Tirole applies the basic principles of the prudential regulation of banks, that he worked before in collaboration with Mathias Dewatripont (MIT Press, 1994, ISBN: 0262041464), and which contains much of what we have learned through the twentieth century about financial crises. According to this approach, both the international financial and monetary systems would work much better if we had international risk classifying agencies on the one hand, providing information to investors about the liquidity and solvency of debtor countries, and a lender of last resort on the other. The trouble with the IMF is that it tries to perform both functions.
However, what makes external borrowing more complicated than a typical financial arrangement is the presence of a third player, that is the borrower's government which has both the incentives and the means to affect the foreing investor's return by manipulating the exchange rate or the capital mobility. Because the investors' return is affected by the behaviour of two agents, the borrower himself and its government, Tirole calls this a dual agency problem.
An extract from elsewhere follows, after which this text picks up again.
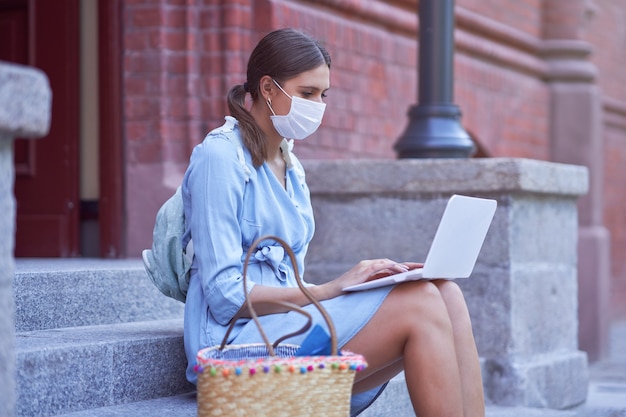 Female student hanging out in the campus wearing protective mask due to coronavirus pandemic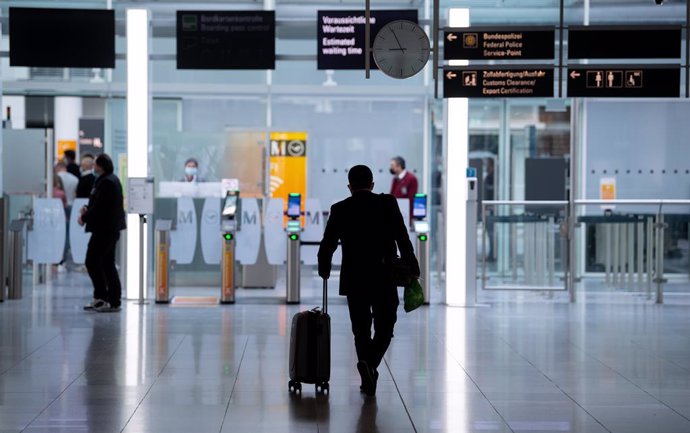 Archivo - 26 March 2021, Bavaria, Munich: A man goes to the security check with his suitcase at Munich airport. A new requirement for people arriving at German airports to have submitted to coronavirus testing has been postponed from Sunday to Tuesday.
Tirole proposes an institutional reform in which the IMF should redefine its original mission, by concentrating in the role of facilitating the country's favourable access to foreign borrowing. This role underlies the (controversial) task of pre-qualification and conditionality. The IMF should also redefine its internal structure if it wants to perform well this new role. Its Board of Governors is too big and too heterogeneous to allow rapid and efficient decisions.
In summary, this book presents and original and groundbreaking approach to financial crises which, as we expected from the beginning, arises more questions than answers. However, we know that the only way to find the appropriate solution to a problem is by formulating the right questions, and this is exactly what Tirole does. I am convinced that if the international agencies follow this approach they will soon find the right way to prevent or to lessen international financial crises, in the same way as central banks and financial regulatory agencies did with domestic banking crises during the last century.